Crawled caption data
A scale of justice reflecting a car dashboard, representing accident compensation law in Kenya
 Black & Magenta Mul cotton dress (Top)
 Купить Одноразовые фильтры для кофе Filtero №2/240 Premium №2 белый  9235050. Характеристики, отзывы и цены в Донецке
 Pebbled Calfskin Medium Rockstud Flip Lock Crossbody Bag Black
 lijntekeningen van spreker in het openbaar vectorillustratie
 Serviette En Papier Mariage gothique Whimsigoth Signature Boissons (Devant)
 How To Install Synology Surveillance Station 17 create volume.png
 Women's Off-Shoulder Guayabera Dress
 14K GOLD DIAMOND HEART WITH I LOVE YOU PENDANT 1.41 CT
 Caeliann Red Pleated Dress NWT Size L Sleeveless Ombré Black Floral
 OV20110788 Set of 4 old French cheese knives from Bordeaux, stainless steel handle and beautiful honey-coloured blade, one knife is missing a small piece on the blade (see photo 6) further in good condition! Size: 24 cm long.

Exercise details: Find the line with "Pebbled Calfskin Medium". Transcribe it and every line after it exactly, through the end of the records above, and nothing else.

Finished exercise:
 Pebbled Calfskin Medium Rockstud Flip Lock Crossbody Bag Black
 lijntekeningen van spreker in het openbaar vectorillustratie
 Serviette En Papier Mariage gothique Whimsigoth Signature Boissons (Devant)
 How To Install Synology Surveillance Station 17 create volume.png
 Women's Off-Shoulder Guayabera Dress
 14K GOLD DIAMOND HEART WITH I LOVE YOU PENDANT 1.41 CT
 Caeliann Red Pleated Dress NWT Size L Sleeveless Ombré Black Floral
 OV20110788 Set of 4 old French cheese knives from Bordeaux, stainless steel handle and beautiful honey-coloured blade, one knife is missing a small piece on the blade (see photo 6) further in good condition! Size: 24 cm long.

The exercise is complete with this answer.